Le GA possède toutefois quelques réductions qui lui sont propres. On peut noter la forme ['sʌmpm] de something (vs. ['sʌmɪŋ] en RP). La réduction de you à [jə] est aujourd’hui toujours plus fréquente en GA (même si les choses sont peut-être en train d’évoluer en RP) ; elle se trouve notamment utilisée devant une consonne (ex. you want), comme dans la plupart des variétés, mais aussi devant une voyelle (ex. you eat).

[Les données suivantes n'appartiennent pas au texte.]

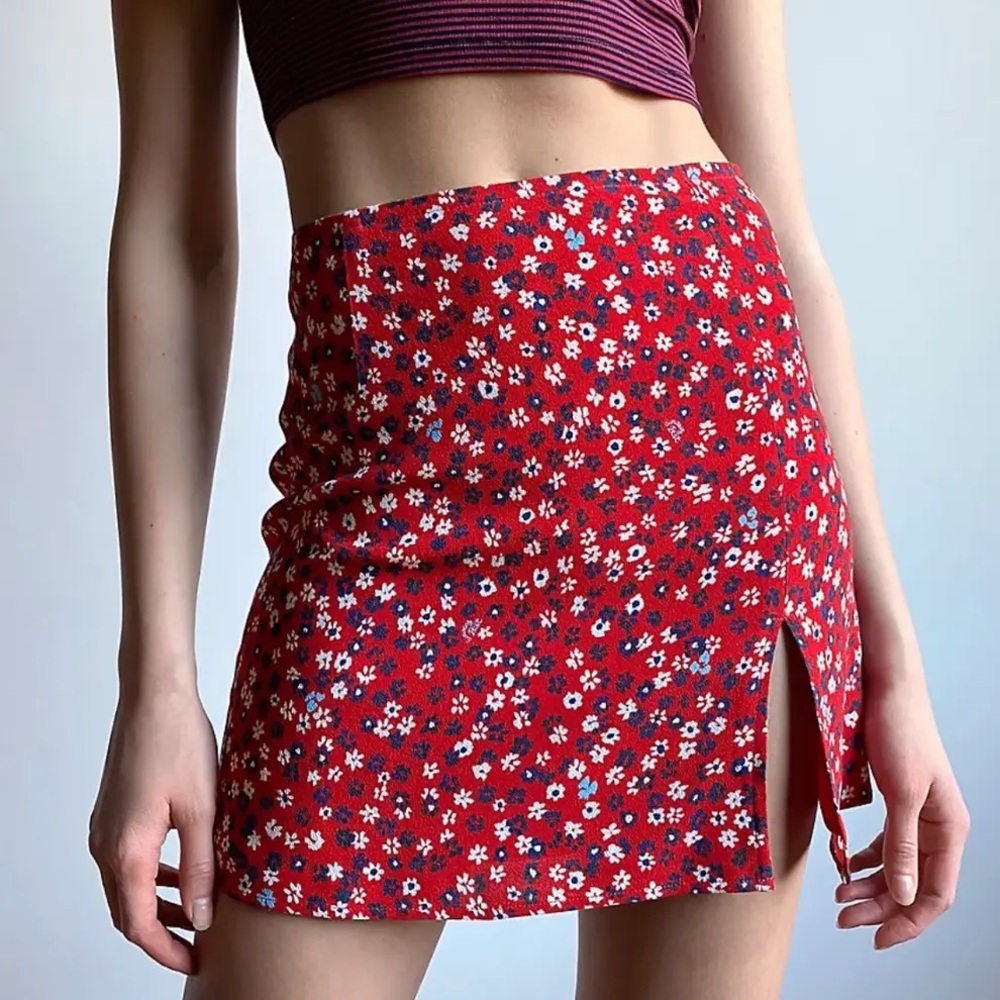 Aritzia Sunday Best’s Tatiana Skirt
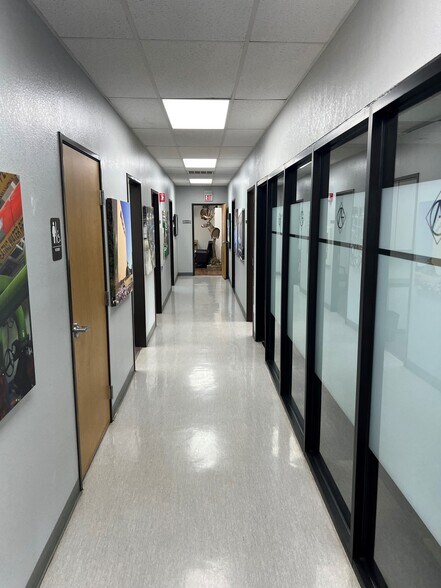 More Photos Of 3124 Wichita Ct, Fort Worth Industrial For Sale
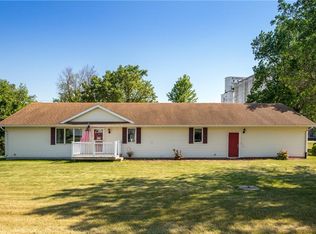 350 1st St, Randall, IA 50231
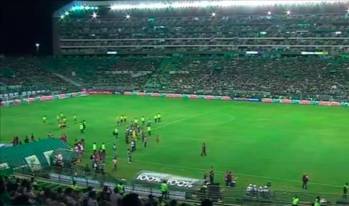 El partido entre el Deportivo Cali y el América se suspendió por varios minutos, por disturbios en las tribunas. FOTO PANTALLAZO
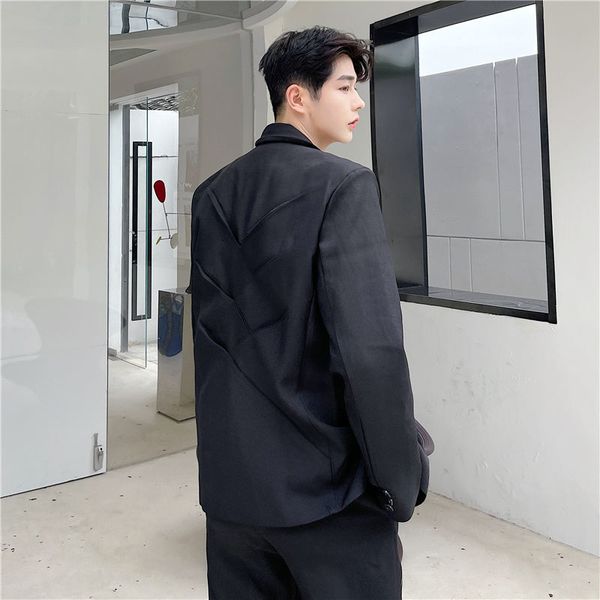 

2021 autumn new trend niche design men's white blazer chic three-dimensional cutting single breasted suit coat 9y9243, White;black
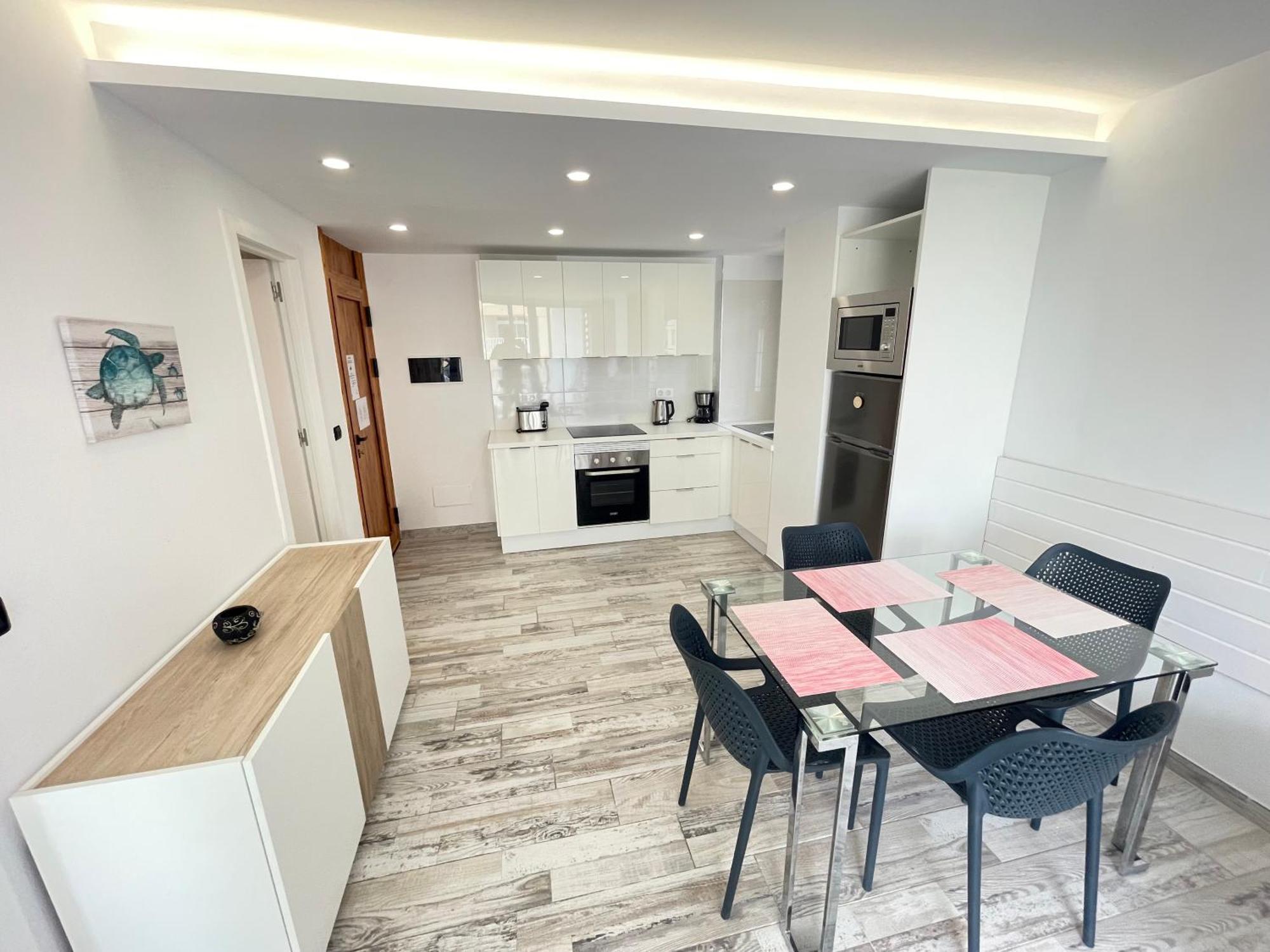 Apartment 5. Cozy In Americas Playa de las Americas (Tenerife)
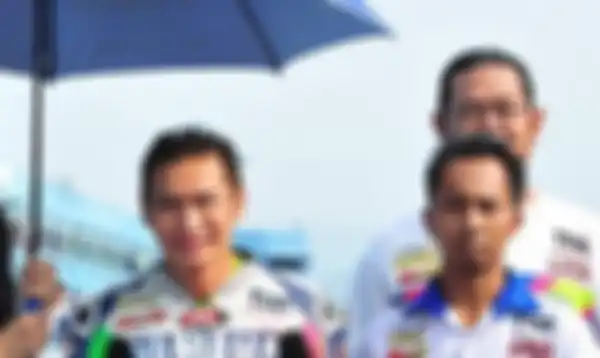 Irwan Ardiansyah (kiri) bersama Torana Lodong (kanan belakang) dan Walidi (kanan depan).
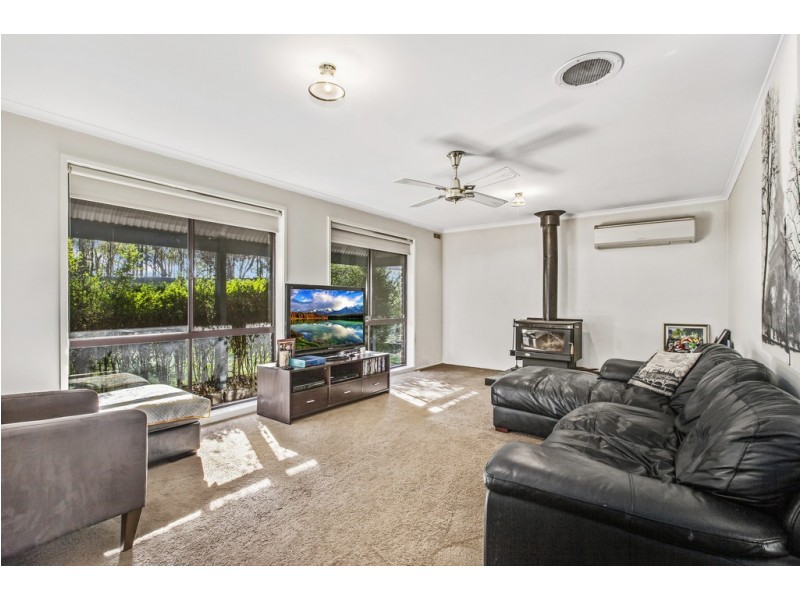 4 Dempsey Road, Seymour VIC 3660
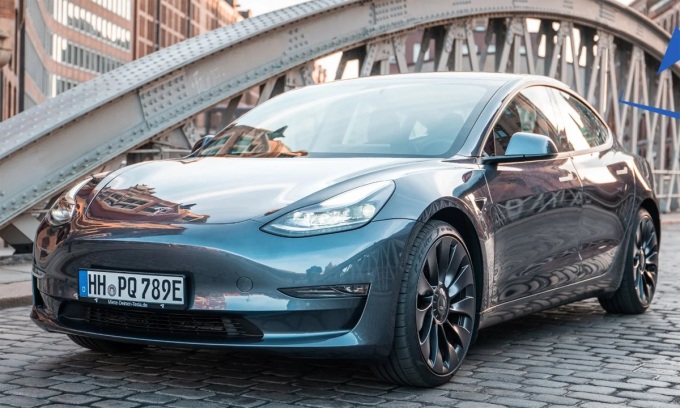 Tesla phải tăng giá xe vì châu Âu đánh thuế mạnh Trung Quốc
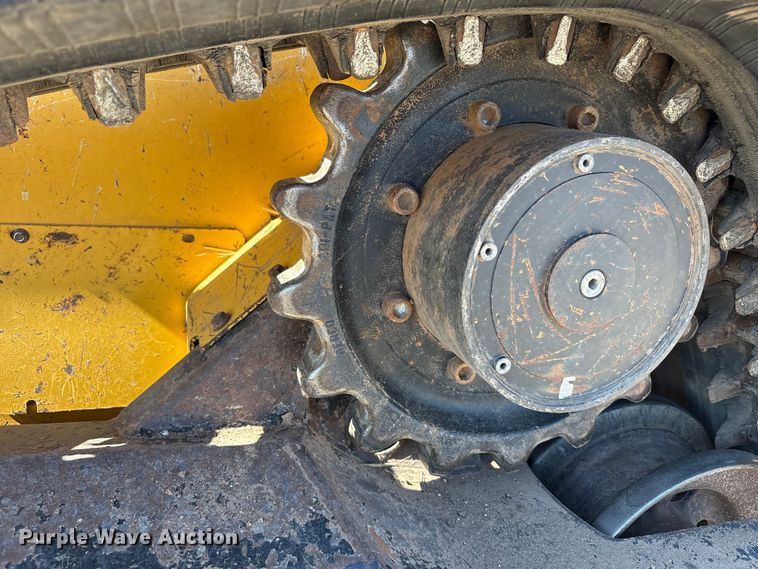 image for item EF6059 2009 John Deere CT332 tracked skid steer loader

Certains processus d’assimilation sont très fréquents an anglais américain. Cela est par exemple le cas de la palatalisation de /s/ en [ʃ] dans les environnements /str/ et (ex. street ['ʃriːt], strong ['ʃtrɔːŋ], straight ['ʃtreɪt]) et /sr/ (ex. grocery ['groʊʃri], nursery ['nɜ(ː)rʃri], restaurant ['reʃtrɑːnt]). Plus les locuteurs sont jeunes, plus ils ont tendance à multiplier ces prononciations (Glain, 2016 ; 2020b), qui se développent petit à petit dans la variété standard (il n’est pas rare de les entendre chez les présentateurs de journaux télévisés, par exemple), ce qui justifie leur inclusion dans la description du GA. Ces phénomènes existent en anglais britannique, mais ils sont plus rares dans la variété standard, du moins pour l’instant ((Ces processus de palatalisation se développent dans de nombreuses variétés ; ils sont par exemple très fréquents en anglais australien et néo-zélandais.)).

Dans un autre domaine, on assiste depuis la fin du 20ème siècle à la diffusion d’une certaine qualité de voix, que l’on appelle voix craquée (phénomène connu sous le nom de creaky voice ou vocal fry en anglais). Il s’agit d’un processus de laryngalisation qui est davantage développé chez les locuteurs, et surtout les locutrices ((Il y a certainement deux raisons pour lesquelles ce sont les jeunes femmes qui utilisent le plus la voix craquée. Tout d’abord, les études sociolinguistiques nous montrent que les jeunes femmes constituent régulièrement la catégorie de la population qui se trouve à l’avant-garde des changements linguistiques. En d’autres termes, ce sont celles qui contribuent à diffuser les innovations linguistiques qui sont par la suite souvent reprises par le reste de la population. Par ailleurs, l’utilisation de la voix craquée constitue probablement un acte d’identité (conscient ou inconscient) et d’appartenance à cette catégorie de la population (Habasque, 2020).)), les plus jeunes. Les cordes vocales vibrent de plus en plus lentement et finissent par se relâcher, ce qui entraîne des vibrations irrégulières ((De nombreux exemples de voix craquée peuvent être entendus sur YouTube en tapant vocal fry dans la barre de recherche.)). La voix craquée est très régulièrement perçue comme typique des Valley Girls de Californie (Habasque, 2020) mais elle est utilisée dans le reste du pays. Il est difficile de savoir s’il s’agit d’une simple mode passagère ou d’un phénomène durable.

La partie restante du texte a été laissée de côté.